Mathematicians Chase Moonshine’s Shadow

"Researchers are on the trail of a mysterious connection between number theory, algebra and string theory." according to Erica Klarreich, Quanta Magazine.

Photo: Peter Diamond for Quanta Magazine

In 1978, the mathematician John McKay noticed what seemed like an odd coincidence. He had been studying the different ways of representing the structure of a mysterious entity called the monster group, a gargantuan algebraic object that, mathematicians believed, captured a new kind of symmetry. Mathematicians weren’t sure that the monster group actually existed, but they knew that if it did exist, it acted in special ways in particular dimensions, the first two of which were 1 and 196,883.

McKay, of Concordia University in Montreal, happened to pick up a mathematics paper in a completely different field, involving something called the j-function, one of the most fundamental objects in number theory. Strangely enough, this function’s first important coefficient is 196,884, which McKay instantly recognized as the sum of the monster’s first two special dimensions.

Most mathematicians dismissed the finding as a fluke, since there was no reason to expect the monster and the j-function to be even remotely related. However, the connection caught the attention of John Thompson, a Fields medalist now at the University of Florida in Gainsville, who made an additional discovery. The j-function’s second coefficient, 21,493,760, is the sum of the first three special dimensions of the monster: 1 + 196,883 + 21,296,876. It seemed as if the j-function was somehow controlling the structure of the elusive monster group.

Soon, two other mathematicians had demonstrated so many of these numerical relationships that it no longer seemed possible that they were mere coincidences. In a 1979 paper called “Monstrous Moonshine,” the pair — John Conway, now of Princeton University, and Simon Norton — conjectured that these relationships must result from some deep connection between the monster group and the j-function. “They called it moonshine because it appeared so far-fetched,” said Don Zagier, a director of the Max Planck Institute for Mathematics in Bonn, Germany. “They were such wild ideas that it seemed like wishful thinking to imagine anyone could ever prove them.”

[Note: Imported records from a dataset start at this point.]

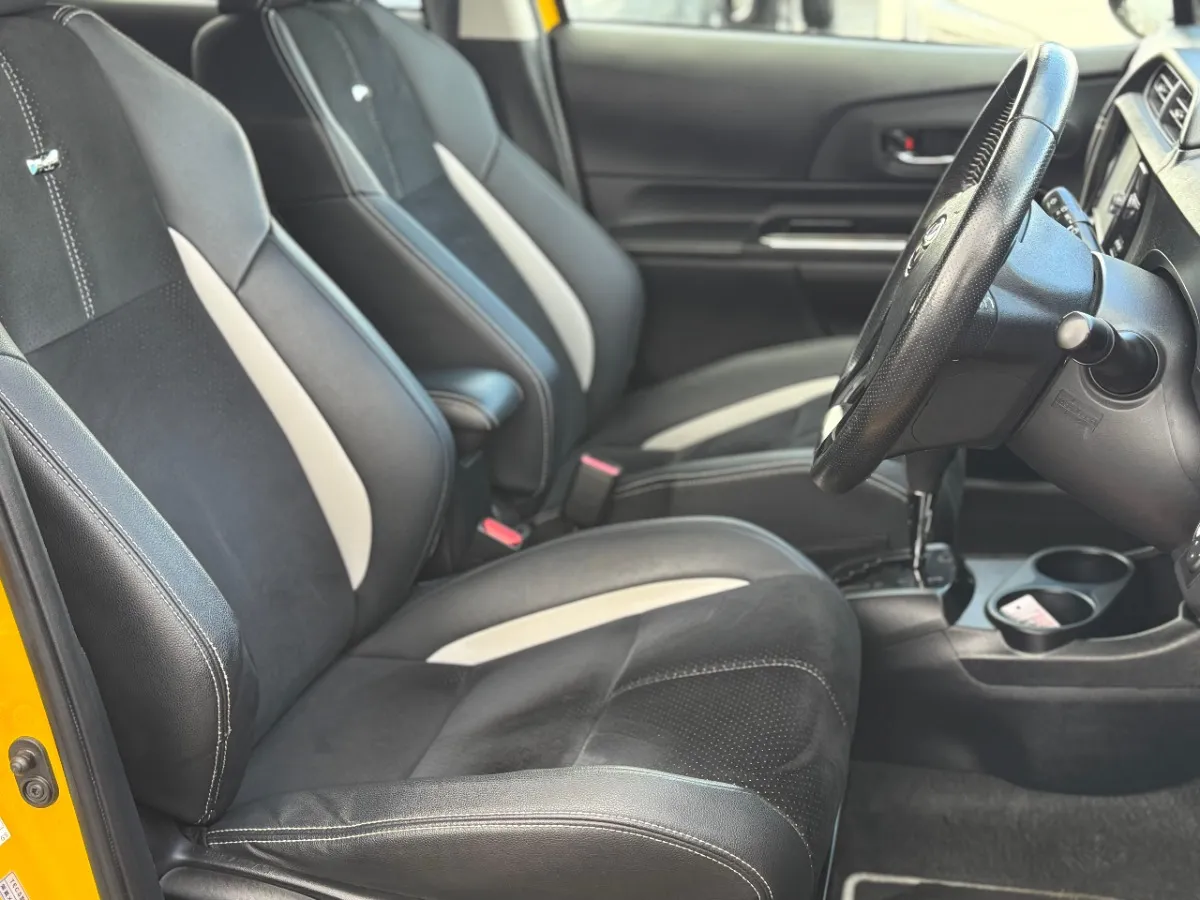 2014 Toyota Aqua G G'S Carousel 1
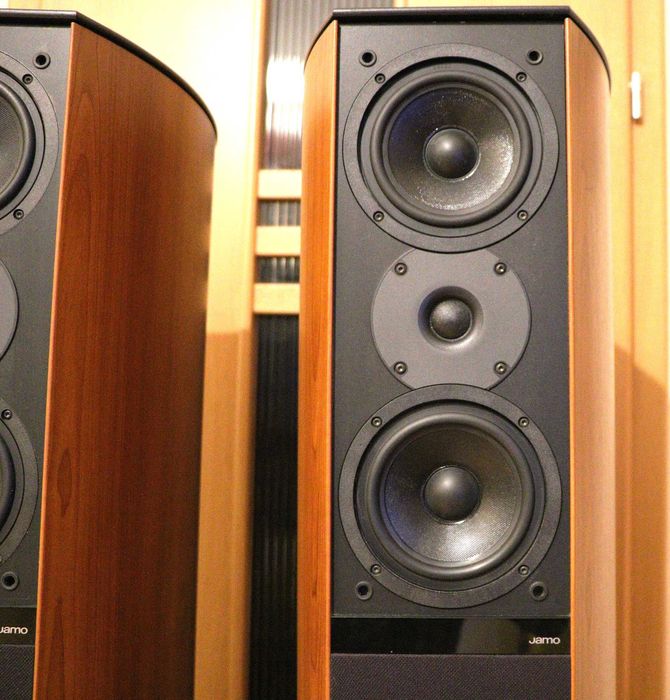 Jamo D590 - Podłogowe kolumny głośnikowe. W-wa.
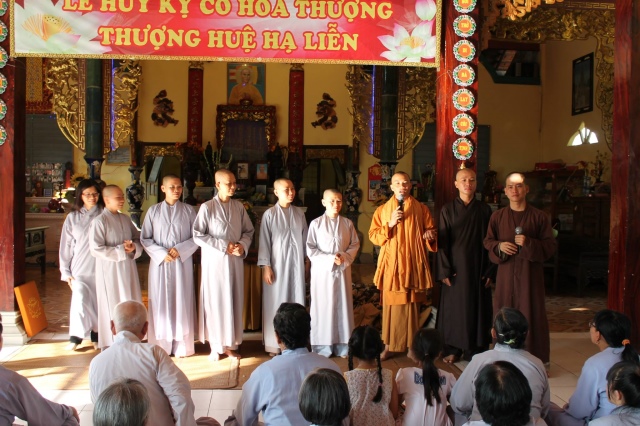 Đồng Tháp: Chùa Hoa Lâm tổ chức khóa tu bát quan trai, phóng sanh, từ thiện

It took several more years before mathematicians succeeded in even constructing the monster group, but they had a good excuse: The monster has more than 1053 elements, which is more than the number of atoms in a thousand Earths. In 1992, a decade after Robert Griess of the University of Michigan constructed the monster, Richard Borcherds tamed the wild ideas of monstrous moonshine, eventually earning a Fields Medal for this work. Borcherds, of the University of California, Berkeley, proved that there was a bridge between the two distant realms of mathematics in which the monster and the j-function live: namely, string theory, the counterintuitive idea that the universe has tiny hidden dimensions, too small to measure, in which strings vibrate to produce the physical effects we experience at the macroscopic scale.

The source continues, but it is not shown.